# [Instructions to follow]
Give the lines again exactly as they appear below, from the line with "PLASTIKH XORIS NYSTERI GIA ANTRES.004.jpg" to the line with "Centella Asiatica Eye", both included, and only those lines. Leave every picture out.

# [Data to process]
•••

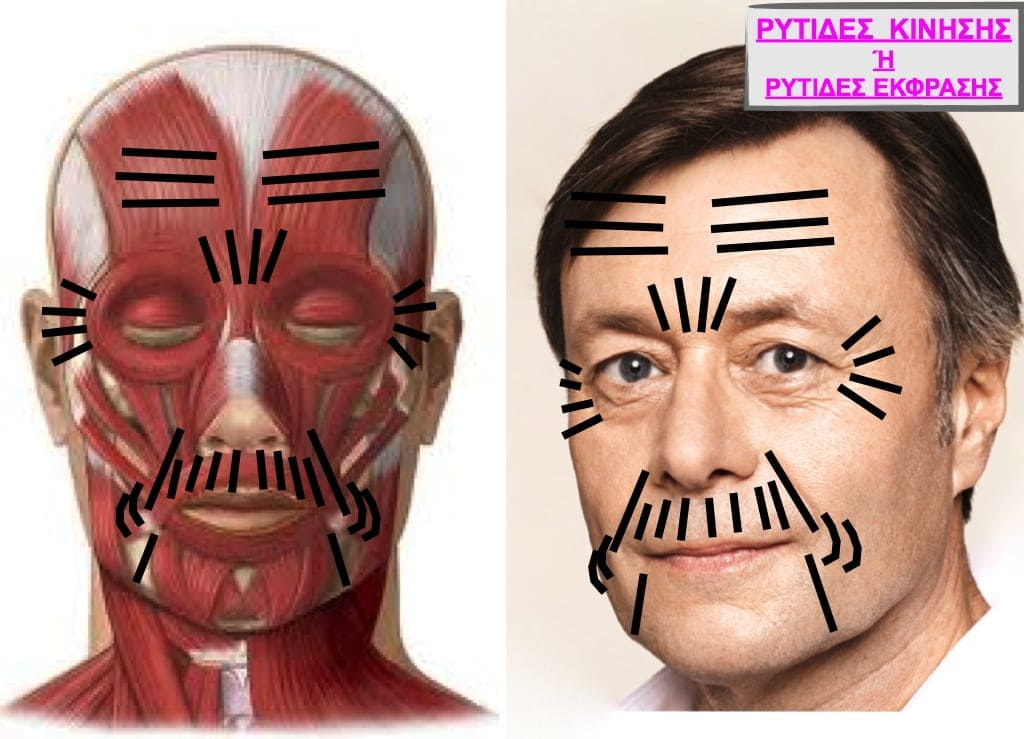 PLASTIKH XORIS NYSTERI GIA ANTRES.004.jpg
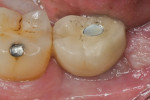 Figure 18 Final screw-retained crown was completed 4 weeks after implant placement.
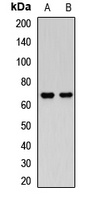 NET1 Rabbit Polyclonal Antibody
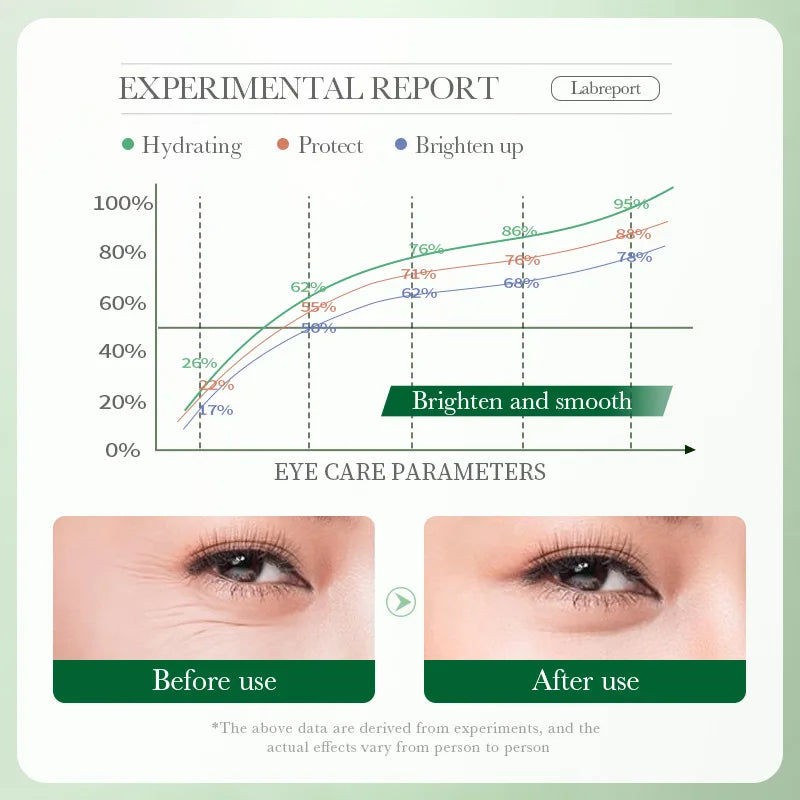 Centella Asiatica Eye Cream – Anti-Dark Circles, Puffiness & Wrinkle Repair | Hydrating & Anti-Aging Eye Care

•••

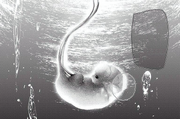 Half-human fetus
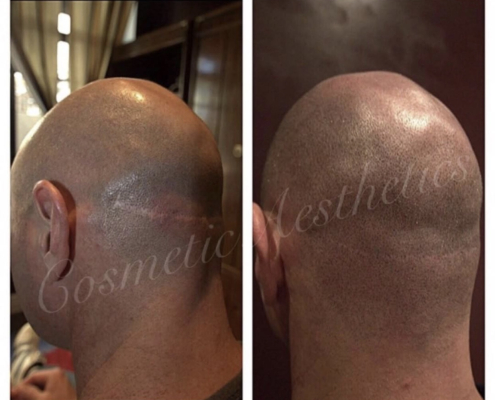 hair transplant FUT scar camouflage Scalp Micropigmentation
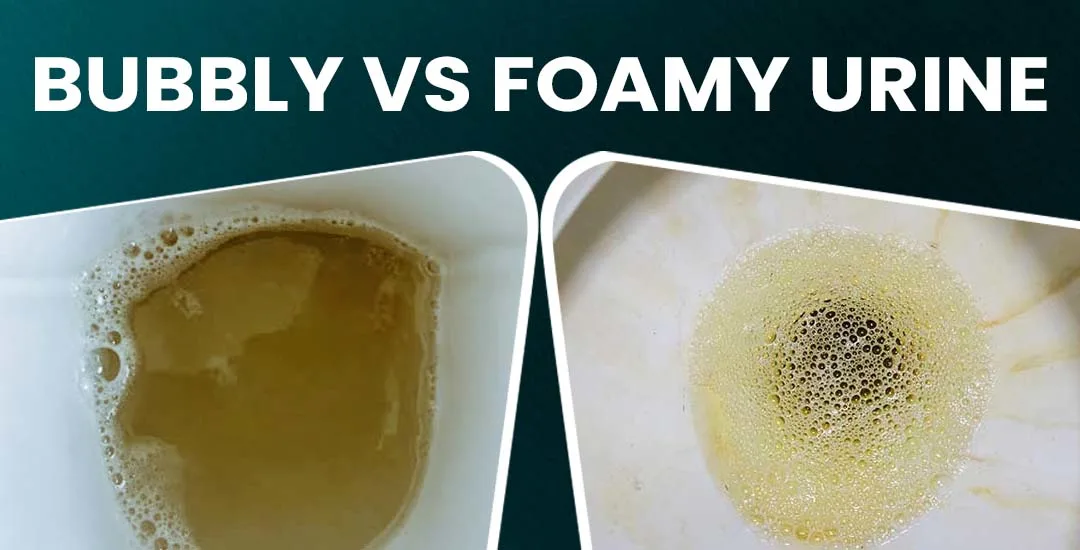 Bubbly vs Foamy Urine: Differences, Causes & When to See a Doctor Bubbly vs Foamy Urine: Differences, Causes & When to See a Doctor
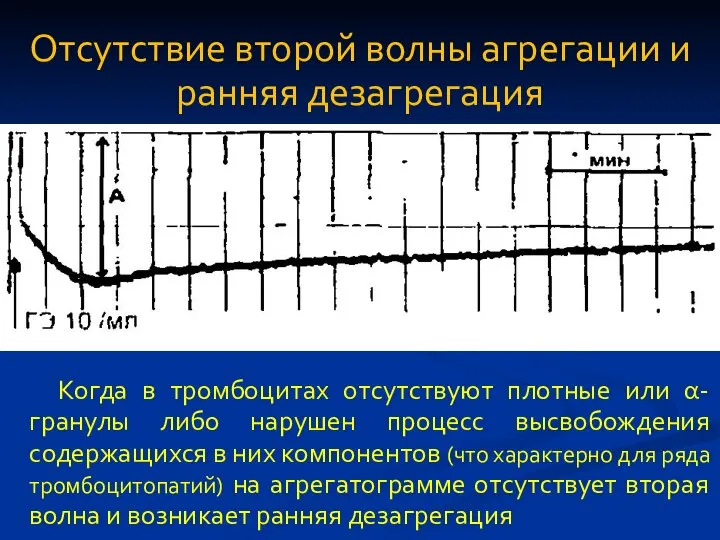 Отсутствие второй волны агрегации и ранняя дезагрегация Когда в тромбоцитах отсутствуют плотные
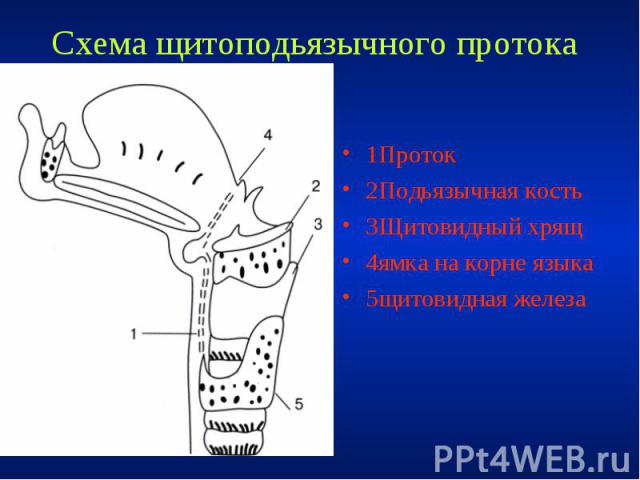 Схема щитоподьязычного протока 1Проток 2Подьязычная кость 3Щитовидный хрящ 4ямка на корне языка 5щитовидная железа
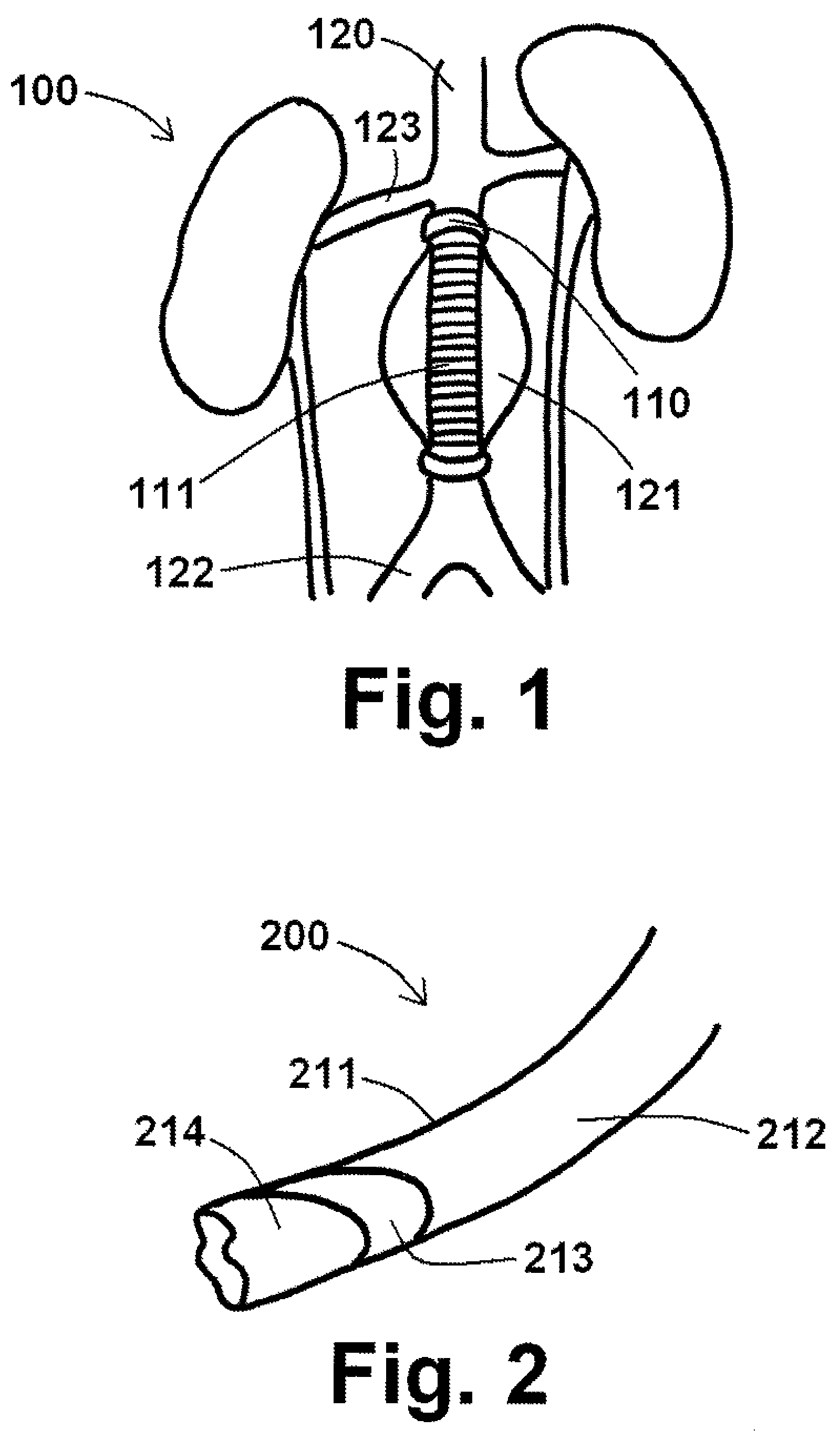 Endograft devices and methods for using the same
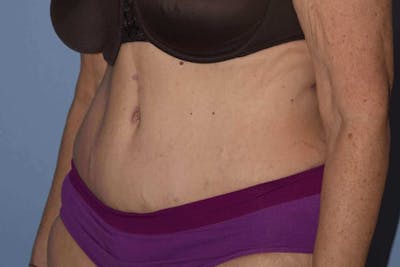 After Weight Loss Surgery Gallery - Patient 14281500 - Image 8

•••

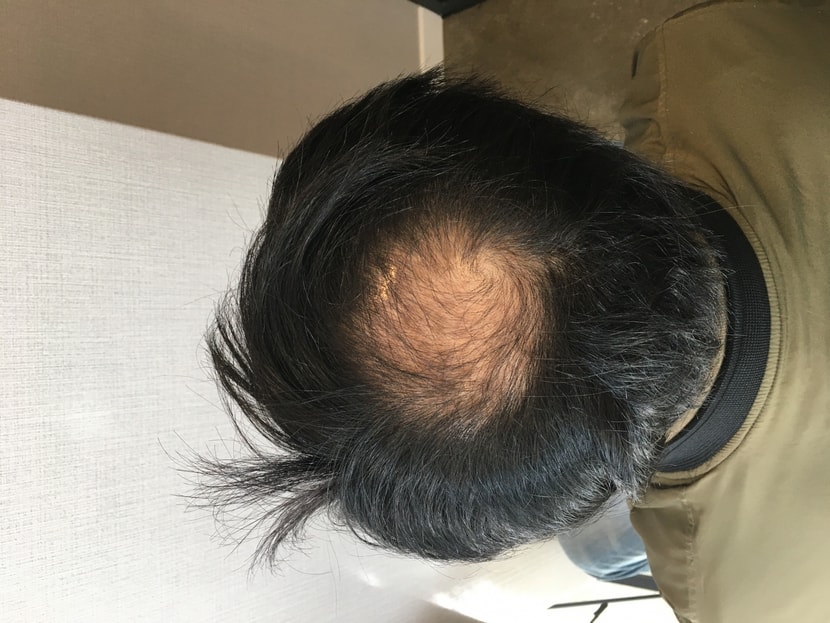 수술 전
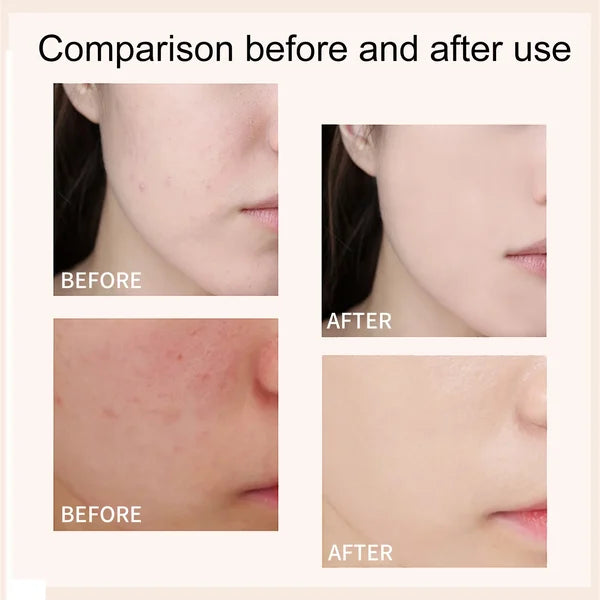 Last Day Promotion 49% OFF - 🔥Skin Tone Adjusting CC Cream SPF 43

•••

# [Reply to the task]
 PLASTIKH XORIS NYSTERI GIA ANTRES.004.jpg
 Figure 18 Final screw-retained crown was completed 4 weeks after implant placement.
 NET1 Rabbit Polyclonal Antibody
 Centella Asiatica Eye Cream – Anti-Dark Circles, Puffiness & Wrinkle Repair | Hydrating & Anti-Aging Eye Care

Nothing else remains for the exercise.